Prisão em Flagrante

Autos n°038.11.022171-8

Ação:Auto de Prisão Em Flagrante

Autuado: J.L.L.

Os juízes não são juízes porque combatem a criminalidade, ou porque, intrépidos como mocinhos do faroeste, enfrentam e duelam com os bandidos, os malvados e os maltrapidos. Os juízes – e a lição é tão antiga quanto eles próprios! – são juízes simplesmente porque dizem publicamente o direito. E dizer o direito hoje é, antes de mais nada, pregar a Constituição, suas garantias, seus fundamentos, seus princípios e suas liberdades. Feito isso, feito apenas isso, os juízes cumprem e bem cumprem o que deles se reclama ( Editorial do Boletim da Associação Juízes Para a Democracia – ano 6, n.29)

Vistos.

O autuado J.L.L., de 19 anos, tecnicamente primário, servente de pedreiro, solteiro, foi preso em flagrante porque teria na noite de 22.5.11 tentado subtrair bens, nada conseguindo retirar, de uma residência ao tempo desocupada, através do arrombamento de uma janela. Segundo os policiais ouvidos, ao chegarem no local encontraram o autuado já detido por populares, tendo verificado que ele apresentava ferimentos na cabeça e pelo corpo em razão de agressão sofrida pelos mesmos populares, tendo assim que chamar os paramédicos para socorro.
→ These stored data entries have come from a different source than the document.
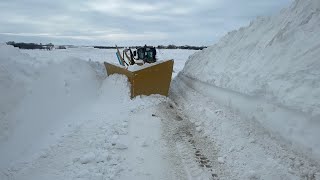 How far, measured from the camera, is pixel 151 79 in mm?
12820

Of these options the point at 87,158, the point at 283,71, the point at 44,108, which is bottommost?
the point at 87,158

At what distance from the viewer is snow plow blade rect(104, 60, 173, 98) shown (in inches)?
491

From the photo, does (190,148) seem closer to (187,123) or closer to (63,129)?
(187,123)

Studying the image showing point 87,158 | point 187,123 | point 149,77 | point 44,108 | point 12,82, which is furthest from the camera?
point 149,77

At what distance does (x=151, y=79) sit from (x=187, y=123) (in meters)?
4.09

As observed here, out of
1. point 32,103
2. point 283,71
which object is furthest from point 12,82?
point 283,71

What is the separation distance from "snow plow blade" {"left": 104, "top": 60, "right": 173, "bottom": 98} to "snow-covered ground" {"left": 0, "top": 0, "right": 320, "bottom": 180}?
55 centimetres

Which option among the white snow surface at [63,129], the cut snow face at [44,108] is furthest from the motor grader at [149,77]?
the cut snow face at [44,108]

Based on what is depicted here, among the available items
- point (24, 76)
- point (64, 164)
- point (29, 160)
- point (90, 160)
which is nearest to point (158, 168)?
point (90, 160)

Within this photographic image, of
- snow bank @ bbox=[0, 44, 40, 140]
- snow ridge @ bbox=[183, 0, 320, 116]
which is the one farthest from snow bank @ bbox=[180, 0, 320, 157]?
snow bank @ bbox=[0, 44, 40, 140]

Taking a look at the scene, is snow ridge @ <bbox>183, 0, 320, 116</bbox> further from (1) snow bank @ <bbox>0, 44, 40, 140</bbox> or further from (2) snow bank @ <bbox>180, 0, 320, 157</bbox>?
(1) snow bank @ <bbox>0, 44, 40, 140</bbox>

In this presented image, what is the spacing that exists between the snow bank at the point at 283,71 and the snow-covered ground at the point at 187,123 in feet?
0.09

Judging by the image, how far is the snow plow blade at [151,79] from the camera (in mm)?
12461

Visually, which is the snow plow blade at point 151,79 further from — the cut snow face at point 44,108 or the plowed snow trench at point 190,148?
the plowed snow trench at point 190,148
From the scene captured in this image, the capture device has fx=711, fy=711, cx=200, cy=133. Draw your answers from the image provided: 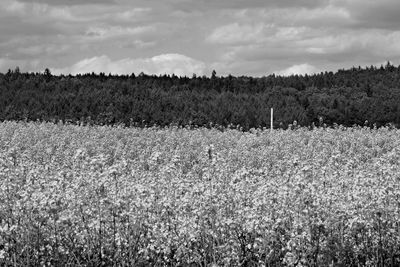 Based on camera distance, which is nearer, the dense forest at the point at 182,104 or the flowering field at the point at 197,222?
the flowering field at the point at 197,222

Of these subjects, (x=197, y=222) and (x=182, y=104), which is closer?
(x=197, y=222)

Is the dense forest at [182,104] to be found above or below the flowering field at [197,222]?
above

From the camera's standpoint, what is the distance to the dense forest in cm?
7838

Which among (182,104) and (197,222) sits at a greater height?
(182,104)

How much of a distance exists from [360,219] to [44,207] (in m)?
3.76

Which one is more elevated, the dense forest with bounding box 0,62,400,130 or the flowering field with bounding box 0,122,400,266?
the dense forest with bounding box 0,62,400,130

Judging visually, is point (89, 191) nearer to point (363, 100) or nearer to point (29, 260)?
point (29, 260)

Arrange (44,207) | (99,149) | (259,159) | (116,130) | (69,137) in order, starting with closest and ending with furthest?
(44,207), (259,159), (99,149), (69,137), (116,130)

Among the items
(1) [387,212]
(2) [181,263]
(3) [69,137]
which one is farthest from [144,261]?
(3) [69,137]

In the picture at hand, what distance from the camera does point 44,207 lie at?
26.3 feet

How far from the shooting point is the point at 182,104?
86500mm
A vítima por sua vez disse que estava fora de Joinville e ao saber dos fatos retornou, encontrando a casa já arrombada. Disse que soube por outras pessoas que populares haviam "pego de pau" o autuado. Nenhum dos referidos populares foi inquirido pela autoridade policial. Junto aos autos fotografias do autuado com bandagens na cabeça mostrando a olhos nus os ferimentos.

Como se vê, as agressões desferidas contra o autuado não decorreram de legítima defesa, estado de necessidade, estrito cumprimento do dever legal ou exercício regular de um direito. O autuado ao que se observa já estava detido por várias pessoas quando passou a ser agredido.

Este magistrado não pode compactuar com o ocorrido, jamais. Não é razoável, aliás, é injustificável que pessoas, nutridas por sentimento paranóico coletivo de vingança, arvorem-se em senhores do bem e do mal para agredir de forma covarde um jovem envolvido em um delito, se não de menor potencial, de menor gravidade e sem violência contra a pessoa (tentativa de furto com arrombamento).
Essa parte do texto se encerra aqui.